_EXERCISE:_ Return, exactly and in full, the lines of the records below starting at the one with "Cozy Apartment In" and ending at the one with "مطرة زجاج بغطاء بلاست ازرق", and no other lines.

_SUPPLIED RECORDS:_

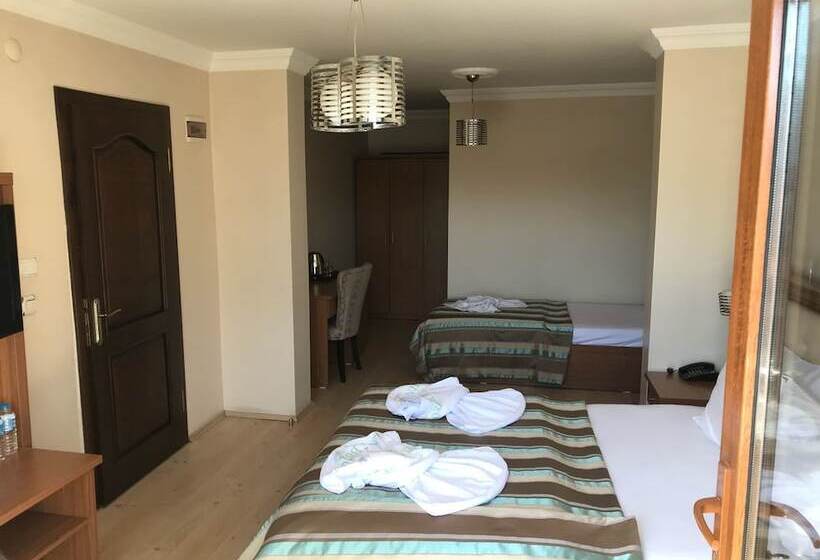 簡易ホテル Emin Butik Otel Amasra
---
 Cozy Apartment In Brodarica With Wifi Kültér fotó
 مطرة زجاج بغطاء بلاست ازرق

_EXERCISE ANSWER:_
 Cozy Apartment In Brodarica With Wifi Kültér fotó
 مطرة زجاج بغطاء بلاست ازرق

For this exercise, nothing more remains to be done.